▸ DIRECTIONS FOR THIS TASK: Where an image appears, leave it out; otherwise repeat the data exactly.

▸ DATA SECTION:
● ● ●

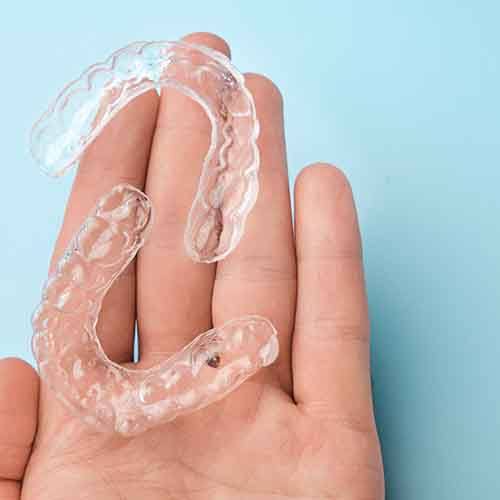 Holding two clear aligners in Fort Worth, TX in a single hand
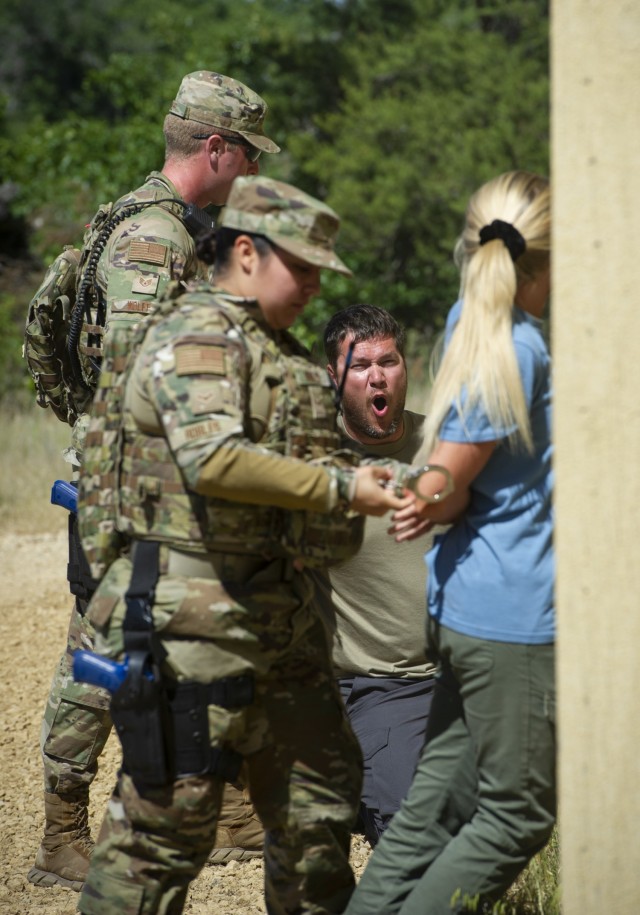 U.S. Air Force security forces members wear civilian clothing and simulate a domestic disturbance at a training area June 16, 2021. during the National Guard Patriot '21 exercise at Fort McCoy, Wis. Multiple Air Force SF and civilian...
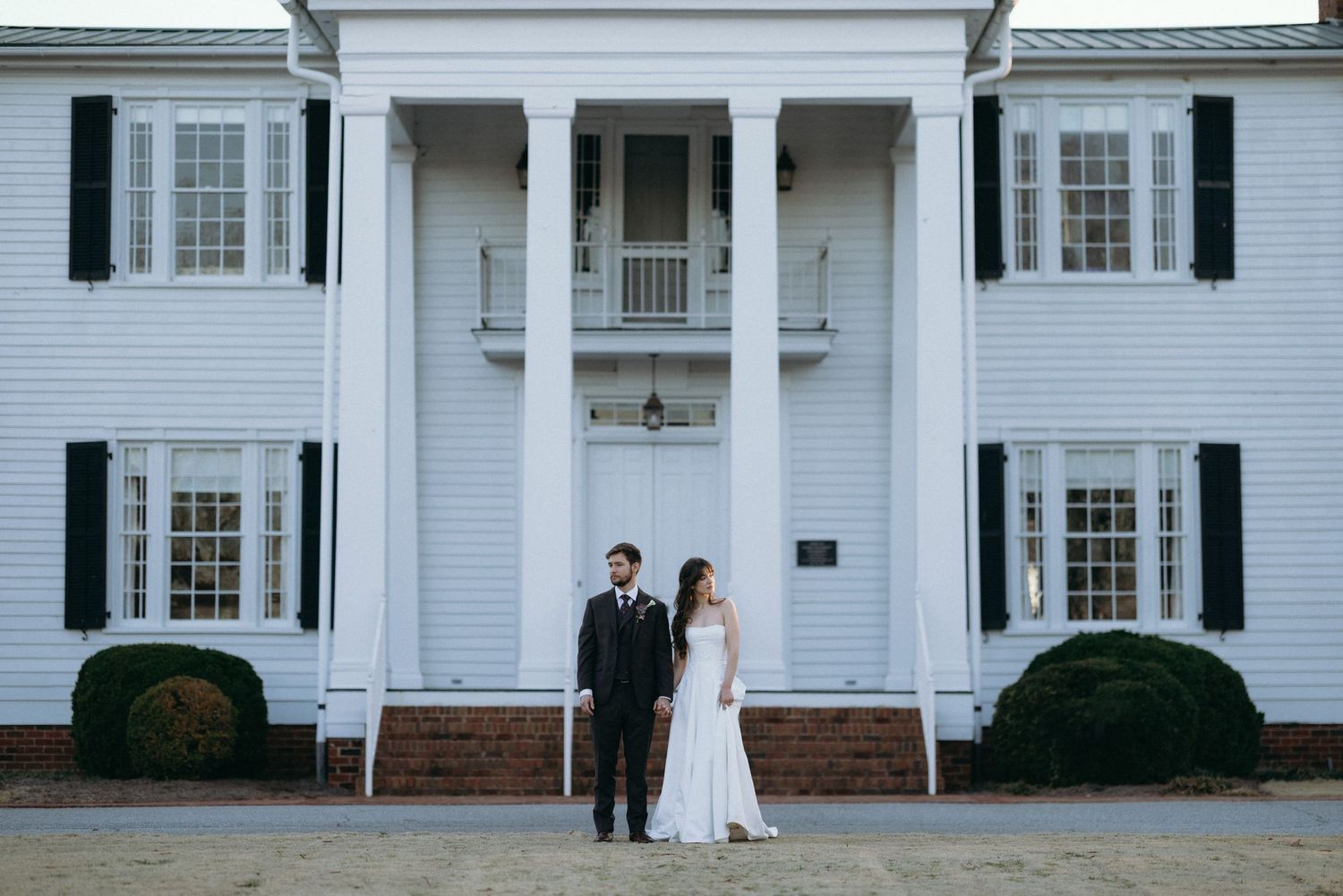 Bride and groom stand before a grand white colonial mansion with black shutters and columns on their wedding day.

● ● ●

▸ SOLVED PROBLEM:
 Holding two clear aligners in Fort Worth, TX in a single hand
 U.S. Air Force security forces members wear civilian clothing and simulate a domestic disturbance at a training area June 16, 2021. during the National Guard Patriot '21 exercise at Fort McCoy, Wis. Multiple Air Force SF and civilian...
 Bride and groom stand before a grand white colonial mansion with black shutters and columns on their wedding day.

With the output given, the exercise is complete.